The surge in condom costs underscores how the Middle East war, which has already upended energy markets and raised prices for food to fertilizers, is disrupting virtually every aspect of life for consumers.
The Malaysian company churns out about five billion condoms a year for brands such as Durex as well as its own labels, including ONE Condoms and Carex. It owns U.K.-based Pasante Healthcare Ltd., which supplies condoms to the U.K.’s National Health Service, and provides private-label products to retailers including Tesco Plc and Boots.
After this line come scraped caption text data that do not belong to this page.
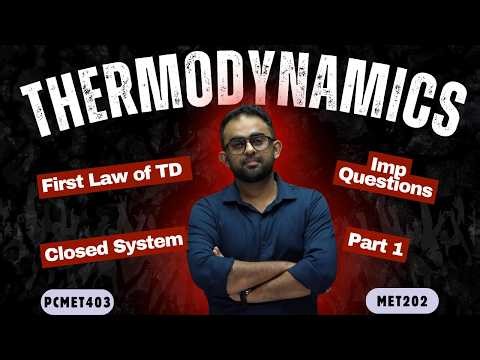 KTU Engineering Thermodynamics - First Law of TD - Closed System - Imp Question Part 1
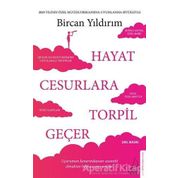 Hayat Cesurlara Torpil Geçer - Bircan Yıldırım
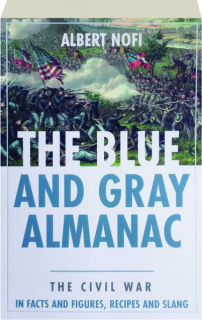 THE BLUE AND GRAY ALMANAC: The Civil War in Facts and Figures, Recipes and Slang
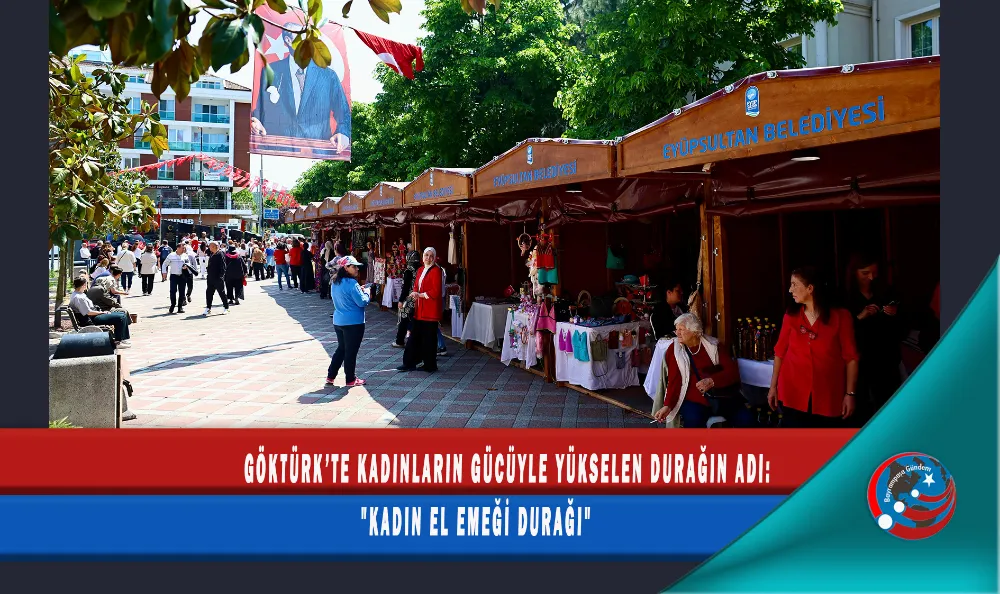 GÖKTÜRK’TE KADINLARIN GÜCÜYLE YÜKSELEN DURAĞIN ADI: 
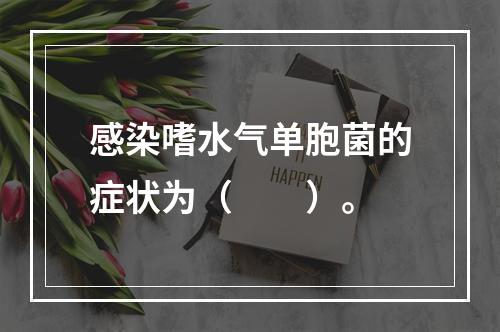 感染嗜水气单胞菌的症状为（　　）。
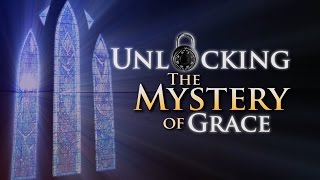 Unlocking the Mystery of Grace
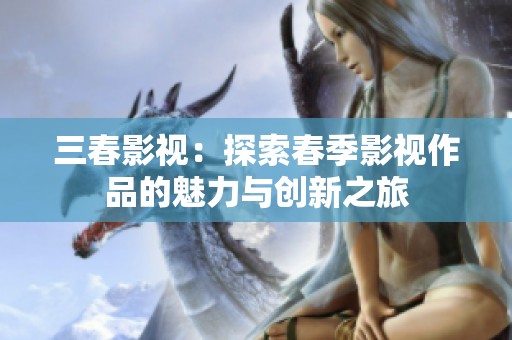 三春影视：探索春季影视作品的魅力与创新之旅
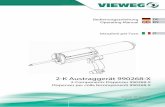 DP 200-70 Operating Instruction Manual VIEWEG …Sulzer Mixpac AG 2 Operating Instruction Manual DP 200-70 DP 400-85 DP 400-100 Dispenser for 2-component adhesives Art. Nr. 007602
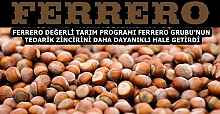 FERRERO DEĞERLİ TARIM PROGRAMI FERRERO GRUBU’NUN TEDARİK ZİNCİRİNİ DAHA DAYANIKLI HALE GETİRDİ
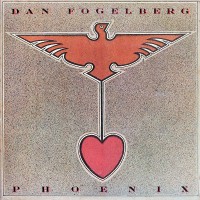 Purchase Dan Fogelberg - Phoenix (Vinyl)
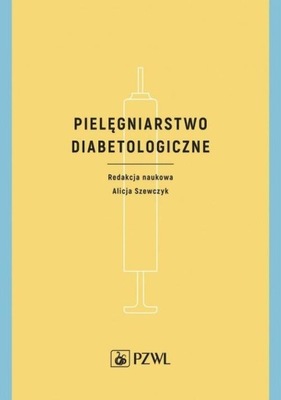 Pielęgniarstwo diabetologiczne Szewczyk Alicja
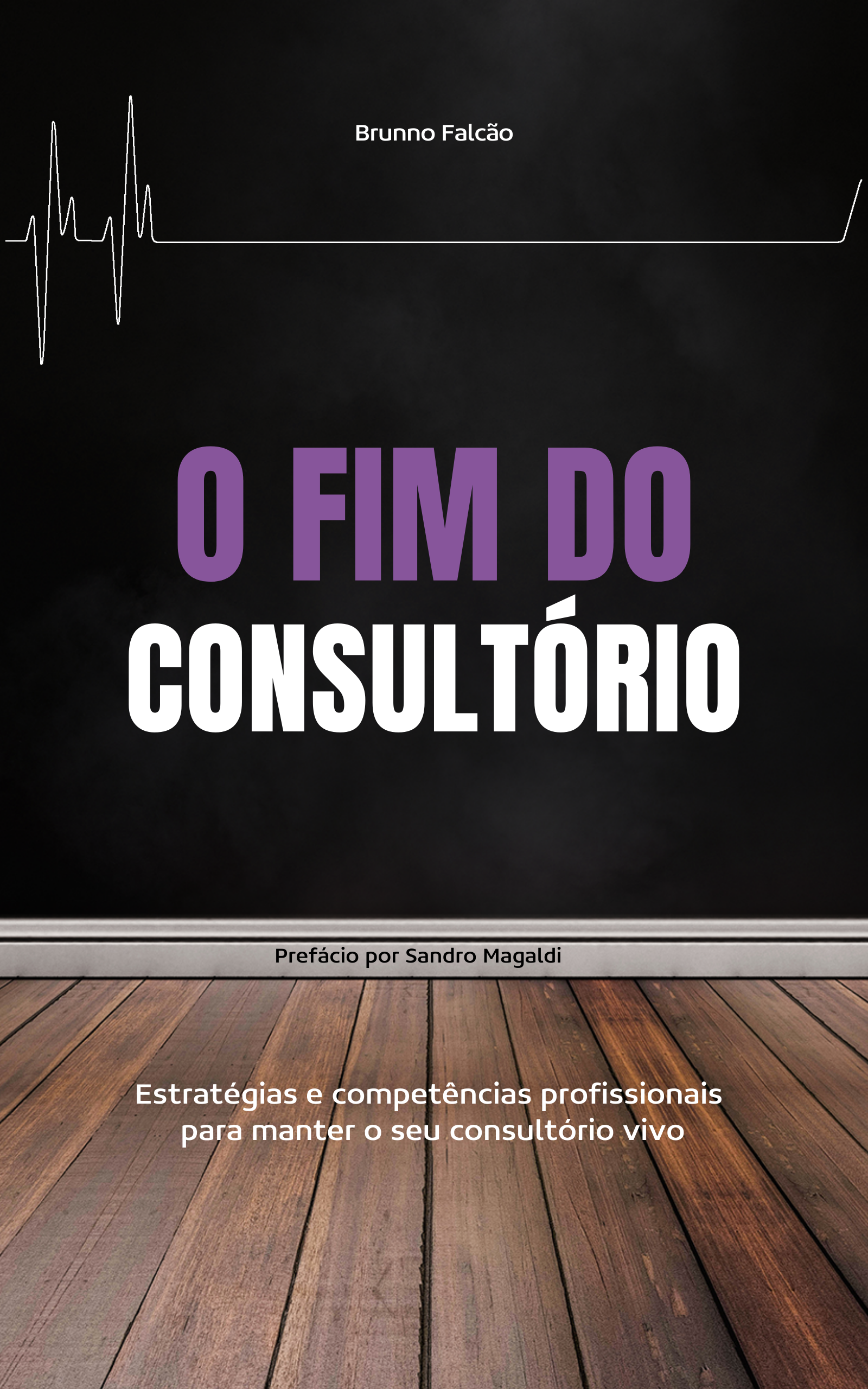 O Fim do Consultório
The condom price hike will take place within the next few months, Goh said. “We have been in the process of adjusting prices with most of our customers, and this is definitely one of the biggest price adjustments we’ve done in a very long time,” he said.
Production costs for the world’s largest condom maker have climbed by about 25% to 30% since the war started, as shortages of oil-derived chemicals and higher raw material prices rippled through the supply chain, Goh said. The disruptions are also pushing up the cost of condom wrappers and lubricants, he said.
Karex, whose product lineup includes glow-in-the dark and nasi lemak-flavored condoms, has enough raw materials to keep production running for the next two to three months, but beyond that the outlook is cloudy, as the continuing supply of key ingredients is uncertain if the war continues, Goh said. Shares traded in Kuala Lumpur surged 14% on April 22, the biggest intraday advance since October 2025, before paring gains.
Goh did not rule out further price increases. “We cannot confirm in the future there will be no longer any more pricing adjustment,” he said.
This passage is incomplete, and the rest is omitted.